Trabalho passado e prazo de entrega definido. Disciplinado e diligente, cumprir a tarefa em tempo hábil. Na manhã do dia de entrega, apareceu no meu quarto no campus, o colega Antônio Flores, o “Tom Tom”. Uma visita inusitada. Afeiçoado, cabelos longos, voz e violão afinados e motociclista de uma majestosa máquina. Residia numa república de estudantes na cidade. Apressado, solicitou ajuda sobre o referido trabalho, ainda por fazer. Temendo ser qualificado como “p. de bosta”, marca que grudava no tempo do curso, emprestei o trabalho pronto e acabado, com as recomendações de usar como orientação e não copiar. Poucas horas antes do prazo final, “Tom Tom” devolveu o trabalho com um “pálido obrigado”. A surpresa estava porvir. No dia da entrega dos resultados, eis a nota: “SR [Sem Rendimento]”, ou seja “Zero”. As avaliações seguiam a escala: “S [Superior], MS [Médio Superior], M [Médio], MI [Médio Inferior], I [Inferior] e SR [Sem Rendimento]”. Procurei o professor, questionando humildemente as razões dessa incomum nota. Como resposta, disse ele: o “SR” foi a nota do desonesto comportamento. Os trabalhos eram iguais de início ao fim. Os mesmos cálculos, itens, comentários, capa e contra capa. Caso existisse a “Xerox”, seria uma fotocópia.

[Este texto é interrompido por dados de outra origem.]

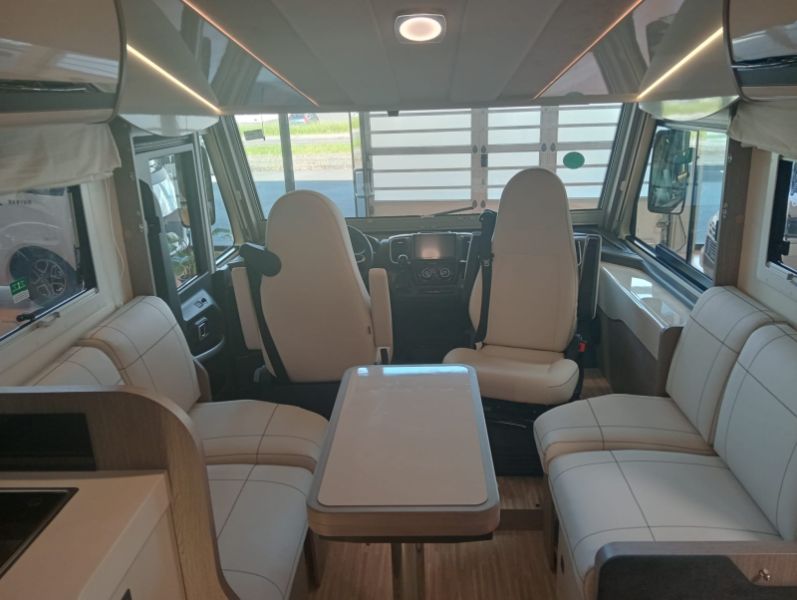 En venta Bavaria-Camp Eden Camp H745GLC Blanco 2025 Guipúzcoa foto 2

Retornei abatido ao quarto onde fui consolado pelos colegas Domingo Haroldo e Bival da Conceição. Triste pelo “SR”. Esforço perdido. Provável reprovação na disciplina e restrição à conclusão do curso no tempo regular. Ao final do semestre, o alívio pelo resultado das três avaliações na citada disciplina: “M [Médio]”, a nota mínima para “passar”, em face de dois “S” nas avaliações anteriores. “Tom Tom” continuou cantando as suas belas toadas e encantando as nativas com a sua vistosa máquina. Os fatos reais não foram revelados, pois seria traição e “dedo-duro” na moral de estudante.

Manoel Moacir Costa Macêdo, é engenheiro agrônomo.